They say you can never go home again, and it's definitely true, especially if you go back to the alternate 1985, there're bars on your windows, and a young girl and her bat-wielding father now live in your house. For a Queen Village eatery making a homecoming of sorts, Kennett.
Situated in the former Lyon's Den spot that was Kennett Cafe for 62 years, Kennett-not-Cafe's a neighborhood sleeve plating locally sourced dishes "for vegetarians and omnivores" from a guy who used to run Yard's Tasting Room and grew up right around the corner from the new joint, whose comfy confines include deep red walls filled with old-ass b&w site pics and tables handmade by the GM's dad, but not GM's dad, who still hasn't forgiven it for making the Pontiac Aztek. Eats include small plates like new potatoes w/ preserved lemon and prosciutto/pork terrine charcuterie plates, while bigger stuff involves beef/ turkey/ veggie burgers, an organic roasted half chicken w/ vanilla toasted barley, Brussels sprouts & brown butter, and cavolo nero w/ wild-caught steelhead salmon, still less wild than salmon served with cavolo caligula.

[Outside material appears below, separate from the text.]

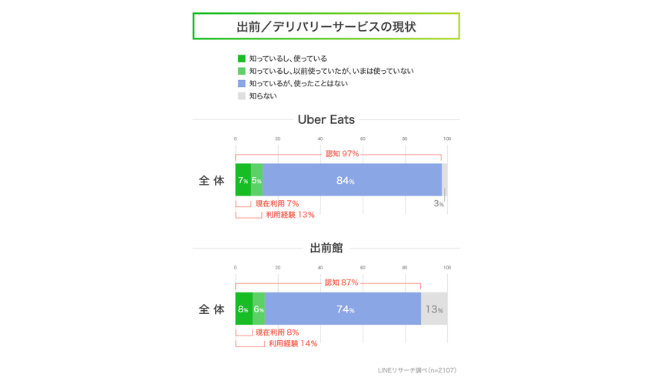 認知度率は約9割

The cocktail list, crafted with help from the minds behind Noble and Catahoula's tipples, features winners like the Old Grandad/ lemon/ honey/ apple cider Stone Fence, the rum/ lime juice/ date & walnut brown sugar syrup/ anisette Melville, and the rye/ vermouth/ absinthe Remember the Maine, though drink them all and you likely won't.
For beer-drankin', it's mainly local jawns like Flying Fish's Grand Cru and Troeg's Troegenator, and a lineup of wood-fired pizzas should be available in about a week or so, by which point you'll realize that you can go home again, albeit to a casino Biff owns, where he's married to your mom and forces her to get boob jobs.